One that called for a little champagne, if Mitchell had his way.
"We've got to be like baseball -- if you win the division, there's champagne," he said. "Start bringing that tradition into the game of hockey."
Roberto Luongo posted his second straight shutout, stopping 22 shots. But few were difficult.
"I don't think he had a tough night," Mitchell said, grinning.
Luongo, who blanked Los Angeles on Thursday, extended the franchise record with his ninth shutout this season. He has 47 in the NHL, tying him with San Jose's Evgeni Nabokov for fourth among active players. New Jersey goalie Martin Brodeur is first with 101.
"The great thing is this team is playing really well defensively," Luongo said. "It cuts down on the number of big saves I have to make."
Peter Budaj was the hard-luck loser, another unlucky bounce leading to his demise. Budaj allowed a trick shot by Dallas' Mike Ribeiro to trickle in during a shootout loss on Thursday.
"You don't want to point fingers at being unlucky," Budaj said. "Sometimes they go in, sometimes they don't."
Colorado, which will wrap up the season Sunday at home against St. Louis, will finish last in the West for the first time since the team relocated to Denver from Quebec in 1995. The Avalanche have the third fewest points (68) in the NHL, behind the New York Islanders (61) and Tampa Bay (66).
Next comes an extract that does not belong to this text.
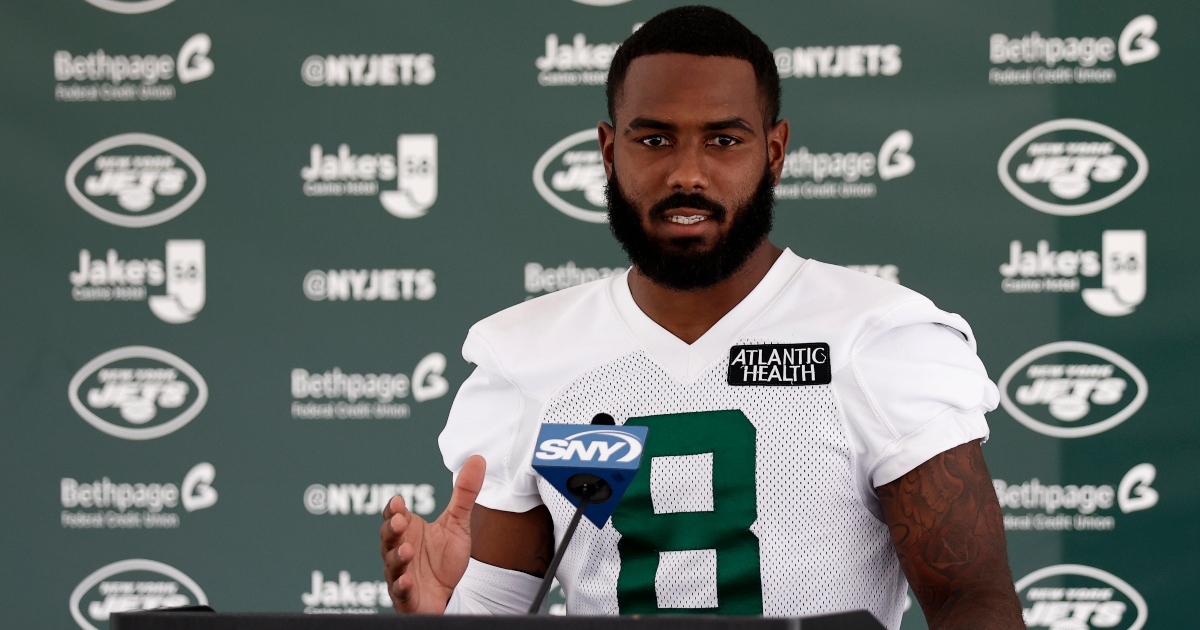 Jets news: Elijah Moore 'established' as New York's top receiver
"We gave everything we had and lost," forward Ian Laperriere said. "Got beaten by an unlucky goal."
Laperriere skated in his 1,000th NHL game on Saturday, an accomplishment he'll always cherish. The gritty forward made his debut on March 3, 1994, while with the St. Louis Blues. He has played for four teams, and spent the last four seasons with the Avalanche.
"It is meaningful," he said. "If I look back at my career, it's my effort that I'm proudest of ... I worked hard so I could play into my 30s, and I'm still playing hard at 35."
The Canucks were without Taylor Pyatt as he missed a fifth straight game after his fiancee, Carly Bragnalo, was killed in a car crash while vacationing with family in Jamaica.
"The situation has been on our minds," Luongo said. "It has been tough."